### WHAT IS EXPECTED
Give again, unaltered, the line with "托雷斯Residencial Itapeva的客厅配有蓝色的沙发和电视" and all lines that follow it in the listing below, minus any pictures.

*** EXERCISE DATA

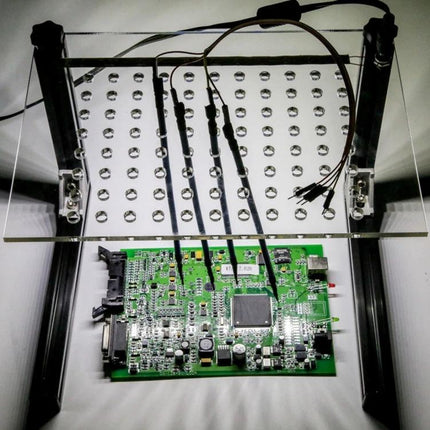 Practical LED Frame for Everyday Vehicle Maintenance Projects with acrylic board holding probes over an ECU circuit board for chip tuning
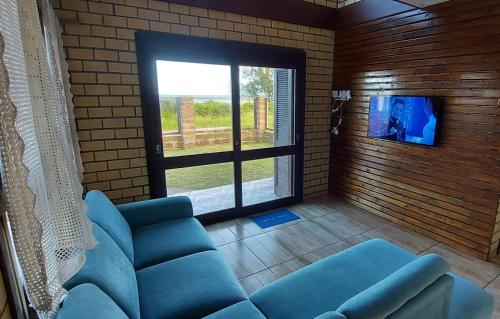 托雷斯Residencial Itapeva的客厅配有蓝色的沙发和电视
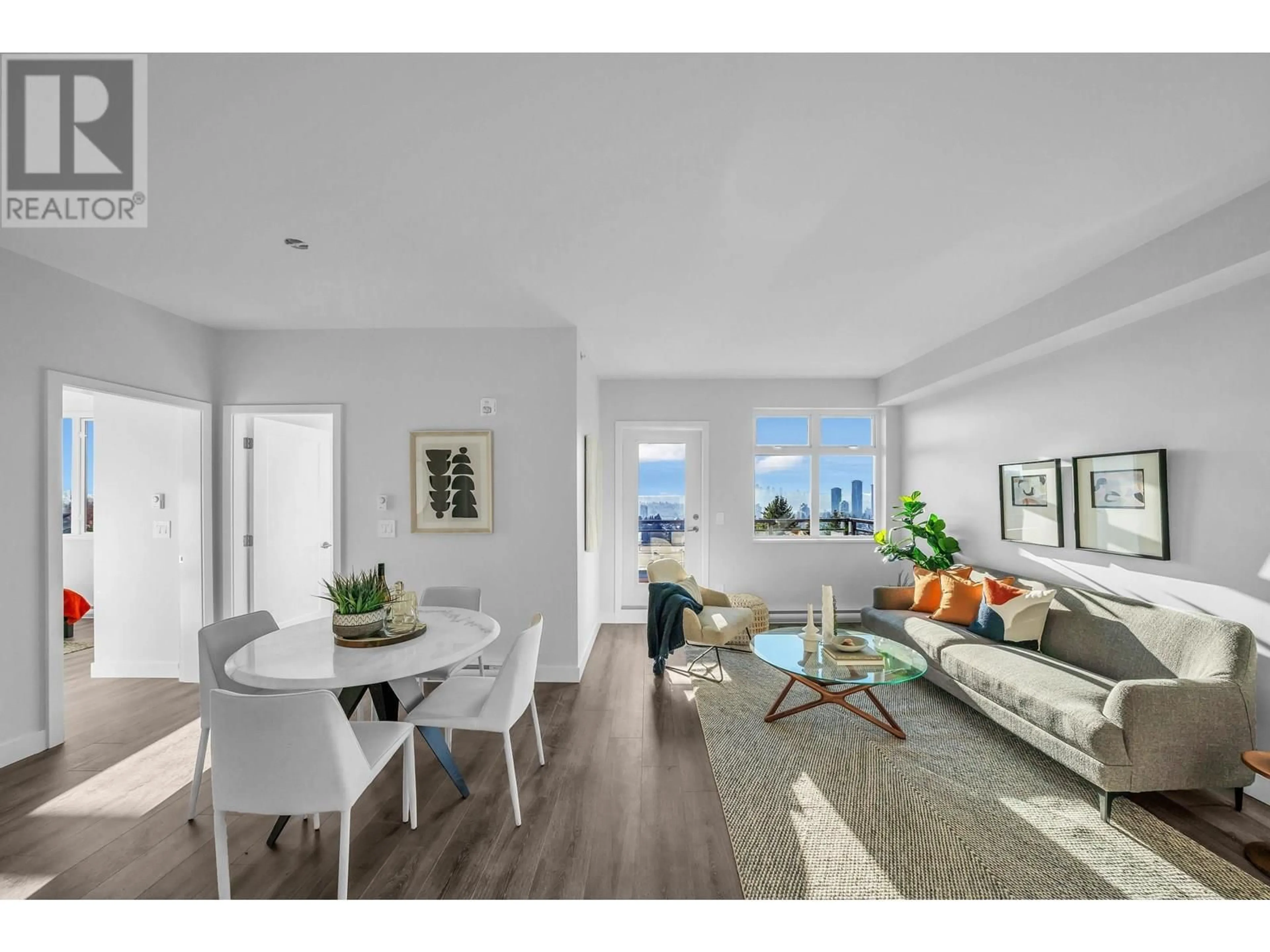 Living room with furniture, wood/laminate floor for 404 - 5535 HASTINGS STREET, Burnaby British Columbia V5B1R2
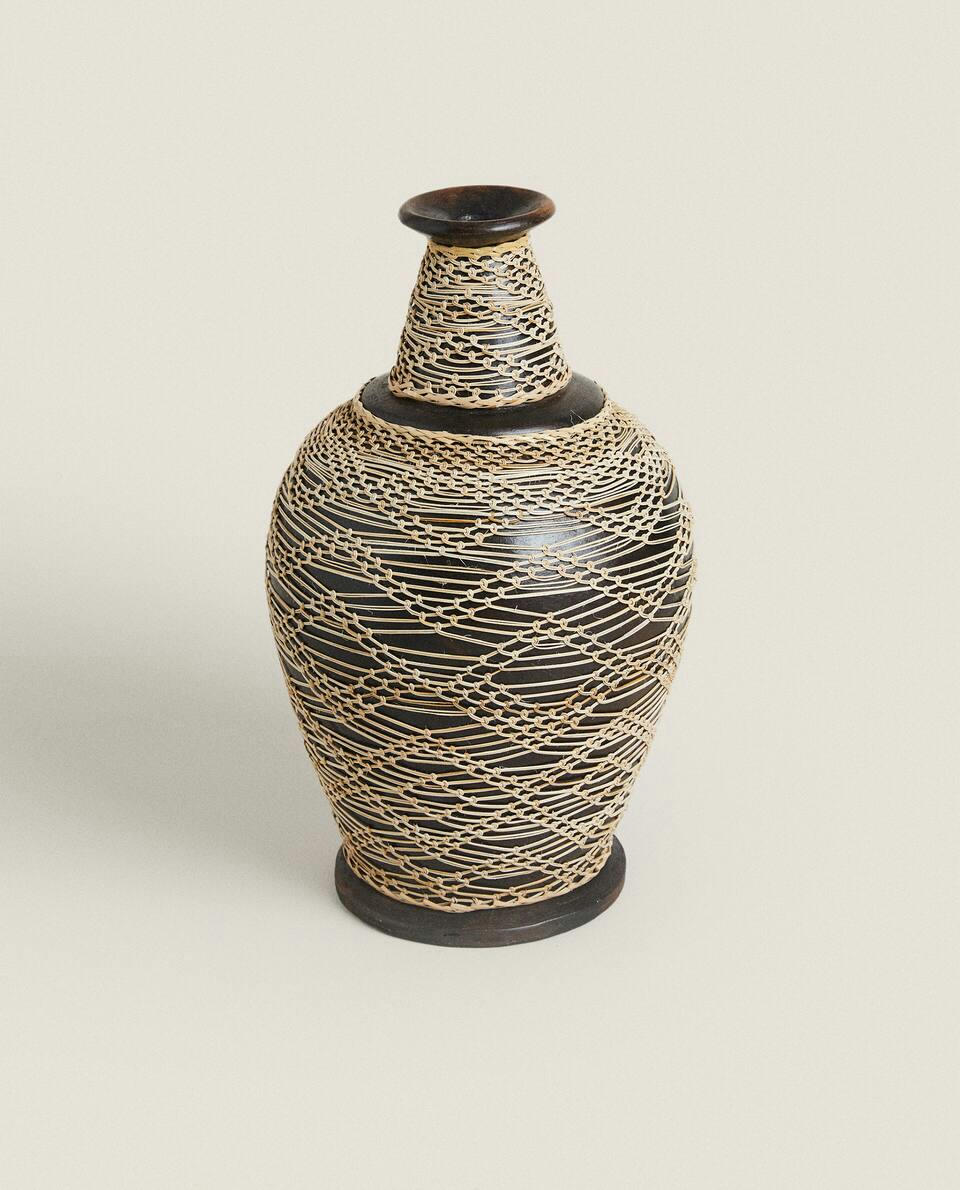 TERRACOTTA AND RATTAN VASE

******

### WRITTEN REPLY
 托雷斯Residencial Itapeva的客厅配有蓝色的沙发和电视
 Living room with furniture, wood/laminate floor for 404 - 5535 HASTINGS STREET, Burnaby British Columbia V5B1R2
 TERRACOTTA AND RATTAN VASE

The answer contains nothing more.